6. Si la loi du 29 décembre 1989 de finances rectificative pour 1989 a prévu, au b du 3° de l'article 1561 du code général des impôts, la faculté pour le conseil municipal d'exempter d'impôt sur les spectacles " l'ensemble des compétitions sportives organisées pendant l'année sur le territoire de la commune ", alors que cette possibilité d'exonération était jusque-là limitée aux seules " réunions exceptionnelles ", il résulte de ce qui précède que cette extension de l'exonération facultative d'impôt sur les spectacles est restée sans incidence sur la portée de l'exonération de taxe sur la valeur ajoutée applicable aux réunions sportives, dès lors que ces dernières, même lorsqu'elles en sont exonérées, demeurent....dans le champ d'application de l'impôt sur les spectacles
7. En second lieu, aux termes de l'article 371 de la directive 2006/112/CE du Conseil du 28 novembre 2006 relative au système commun de taxe sur la valeur ajoutée, qui reprend les dispositions du b) du 3 de l'article 28 de la sixième directive 77/388/CEE du 17 mai 1977 : " Les États membres qui, au 1er janvier 1978, exonéraient les opérations dont la liste figure à l'annexe X, partie B, peuvent continuer à les exonérer, dans les conditions qui existaient dans chaque État membre concerné à cette même date. ". Le 1) de la partie B de l'annexe X à cette directive mentionne " la perception de droits d'entrée aux manifestations sportives ". Ces dispositions interdisent aux Etats membres de l'Union européenne d'introduire de nouvelles exonérations de taxe sur la valeur ajoutée ou d'étendre la portée des exonérations existantes postérieurement au 1er janvier 1978 ;
8. Il résulte de ce qui a été dit aux points 5 et 6 que l'exonération de taxe sur la valeur ajoutée applicable à la perception de droits d'entrée aux manifestations sportives, qui couvre l'ensemble des manifestations situées dans le champ d'application de l'impôt sur les spectacles, est restée inchangée depuis le 1er janvier 1978. Par suite, le maintien de cette exonération ne méconnaissait pas les dispositions de l'article 371 de la directive du 28 novembre 2006.

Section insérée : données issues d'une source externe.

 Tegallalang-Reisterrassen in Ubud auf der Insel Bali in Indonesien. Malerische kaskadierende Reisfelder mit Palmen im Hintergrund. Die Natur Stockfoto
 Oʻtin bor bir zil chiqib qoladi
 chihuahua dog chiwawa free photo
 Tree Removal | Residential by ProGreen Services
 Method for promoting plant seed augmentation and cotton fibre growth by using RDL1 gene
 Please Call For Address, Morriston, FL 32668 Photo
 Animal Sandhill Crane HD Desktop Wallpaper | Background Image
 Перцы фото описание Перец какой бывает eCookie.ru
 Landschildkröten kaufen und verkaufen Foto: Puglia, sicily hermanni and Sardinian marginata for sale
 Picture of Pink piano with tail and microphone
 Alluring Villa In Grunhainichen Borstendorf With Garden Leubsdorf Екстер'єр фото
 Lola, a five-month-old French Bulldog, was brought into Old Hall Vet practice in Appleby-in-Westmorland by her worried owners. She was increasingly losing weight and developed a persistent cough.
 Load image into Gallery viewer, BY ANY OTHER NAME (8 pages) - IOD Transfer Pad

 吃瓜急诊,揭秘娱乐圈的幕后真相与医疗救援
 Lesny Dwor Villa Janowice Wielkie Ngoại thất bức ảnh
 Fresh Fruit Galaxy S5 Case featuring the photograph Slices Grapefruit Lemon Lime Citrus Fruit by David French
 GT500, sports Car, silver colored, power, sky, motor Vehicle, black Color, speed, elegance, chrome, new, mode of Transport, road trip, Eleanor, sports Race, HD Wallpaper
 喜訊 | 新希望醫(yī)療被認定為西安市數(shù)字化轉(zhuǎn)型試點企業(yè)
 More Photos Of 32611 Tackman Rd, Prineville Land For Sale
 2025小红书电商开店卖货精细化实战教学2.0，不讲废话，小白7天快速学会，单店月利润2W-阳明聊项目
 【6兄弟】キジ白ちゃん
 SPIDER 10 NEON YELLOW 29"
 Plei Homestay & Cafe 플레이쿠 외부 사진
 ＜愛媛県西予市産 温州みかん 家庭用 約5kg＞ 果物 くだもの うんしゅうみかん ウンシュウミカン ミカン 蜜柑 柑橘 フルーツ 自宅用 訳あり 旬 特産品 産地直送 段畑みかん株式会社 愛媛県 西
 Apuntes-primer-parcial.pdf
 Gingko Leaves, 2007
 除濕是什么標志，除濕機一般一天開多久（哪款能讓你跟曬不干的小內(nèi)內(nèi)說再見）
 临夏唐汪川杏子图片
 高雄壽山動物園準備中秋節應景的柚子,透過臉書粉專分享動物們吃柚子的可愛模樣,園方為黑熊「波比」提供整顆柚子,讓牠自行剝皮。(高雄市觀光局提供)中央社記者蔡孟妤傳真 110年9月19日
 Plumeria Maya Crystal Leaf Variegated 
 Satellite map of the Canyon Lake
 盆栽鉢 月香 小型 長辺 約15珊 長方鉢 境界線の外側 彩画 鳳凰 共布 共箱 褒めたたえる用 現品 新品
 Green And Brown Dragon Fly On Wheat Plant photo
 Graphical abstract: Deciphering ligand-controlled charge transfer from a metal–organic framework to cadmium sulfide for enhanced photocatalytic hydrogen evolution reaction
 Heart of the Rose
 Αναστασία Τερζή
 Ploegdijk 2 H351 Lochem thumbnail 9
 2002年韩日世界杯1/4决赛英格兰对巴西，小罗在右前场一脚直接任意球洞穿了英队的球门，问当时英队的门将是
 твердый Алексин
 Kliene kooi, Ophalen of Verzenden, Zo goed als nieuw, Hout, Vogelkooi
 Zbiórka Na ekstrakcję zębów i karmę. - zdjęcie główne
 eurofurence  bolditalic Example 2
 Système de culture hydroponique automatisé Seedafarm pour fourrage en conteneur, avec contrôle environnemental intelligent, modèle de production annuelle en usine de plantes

9. Il résulte de tout ce qui précède que la SASP Stade de Reims n'est pas fondée à soutenir que c'est à tort que, par les jugements attaqués, le tribunal administratif de Châlons-en-Champagne a rejeté ses demandes de restitution. Par suite, ses conclusions à fin de restitution ainsi que, par voie de conséquence, ses conclusions présentées sur le fondement des dispositions de l'article L. 761-1 du code de justice administrative doivent être rejetées.
D E C I D E :
Article 1er : Les requêtes de la SASP Stade de Reims sont rejetées.
Article 2 : Le présent arrêt sera notifié à la SASP Stade de Reims et au ministre de l'action et des comptes publics.